After work, I used the magic trick to clean the fiddleheads. Fill a pillow case a third full, tie an overhand knot in the case, and put in the clothes dryer on air fluff for 15 minutes. I put half of what I picked in the pillow case and into the dryer. As I got the second batch ready, I heard the clothes dryer thumping change rhythm.  I opened the door to check and. Uh oh. The knot came untied. The fiddleheads were in the dryer. Everywhere. And remarkably clean. I pulled out the fiddleheads into a bowl, and collected all the chaff I could out of the dryer. There was quite a bit left that was damp and stuck to the dryer drum. So, what’s a guy to do. I turned the clothes dryer back on, with the heat on, and presto.  Five minutes later the chaff had dried and I got the rest out with the vacuum hose. The second batch I tied multiple knots with a shoe string, and that one stayed tied without incident.
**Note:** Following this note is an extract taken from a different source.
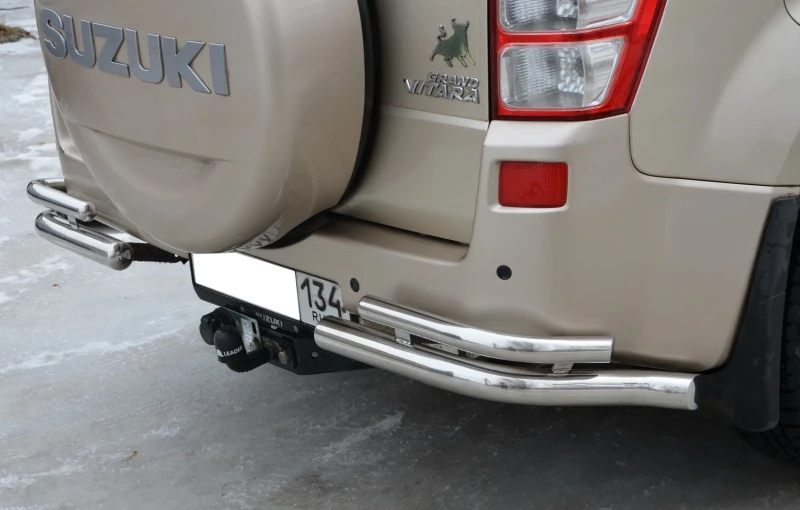 Защита заднего бампера угловая двойная d60/42 мм для Suzuki Grand Vitara III Рестайлинг 2  Юко SGV.13.19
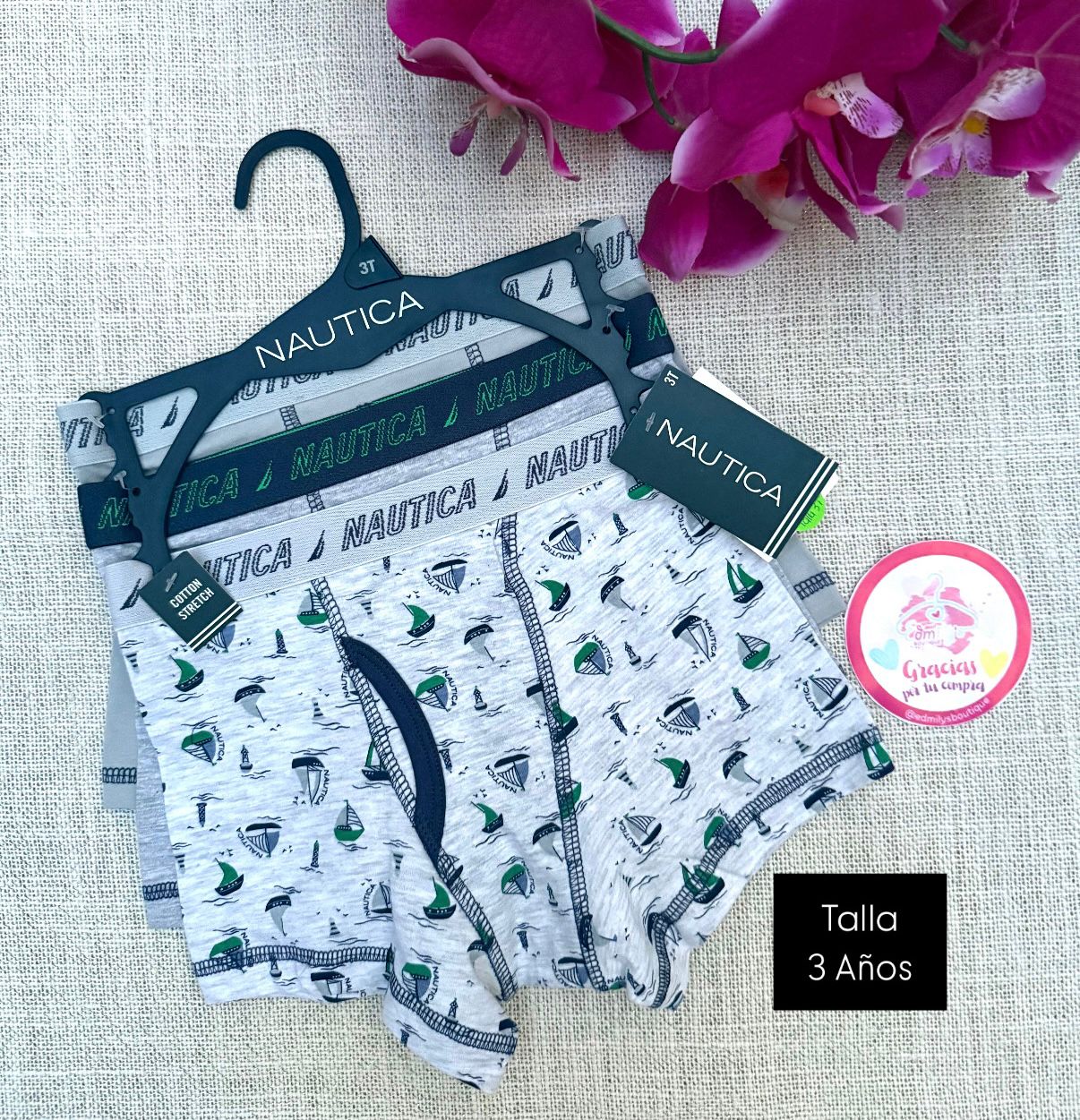 BOXER NAUTICA PACK-3PZAS. PARA NIÑO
For dinner, I sauteed some fiddleheads, and use them and some moose sausage to top a pizza. Not bad.

Hunting in Wartime

I met a third participant of the Vietnam War documentary Hunting in Wartime this weekend.  Royal Hill.  I met him garage saling of all things.  Once you see this movie, you don’t forget the soldiers or their family members that participated in it.  I told him you don’t know me but thank you for participating in the movie.  It’s the most important movie of my life.  He spoke with me for another 15 or 20 minutes.  At first I think he was a little shy that someone recognized him from the movie, but as I spoke about the documentary and it’s effect on me, he warmed up to the conversation.  What I remember most is that he said after he returned from Vietnam, voting became his most important civic duty.  He said he studies every candidate closely to see which had the moral fortitude to do what was right. He doesn’t care what party they represent.   He said war should always be the very last option.  He talked about a recent movie on Iraq, Lone Survivor, which of course I haven’t seen.  He said he had a similar situation in Vietnam where a local kid saved his life and those in his platoon, and the kid was later killed and he still thinks about it. Although it’s not yet, apparently, a national treasure, the movie is playing here on KTOO TV and, I think, on  PBS stations across the country this coming Memorial Day Weekend, so I hope it will continue to draw a following and impact people like it has me.    If you happen to see this blog post, see if the movie is playing on your PBS station and try to be there to watch it.   It equals the PBS Vietnam series, in my opinion, because it’s as grass roots as it gets.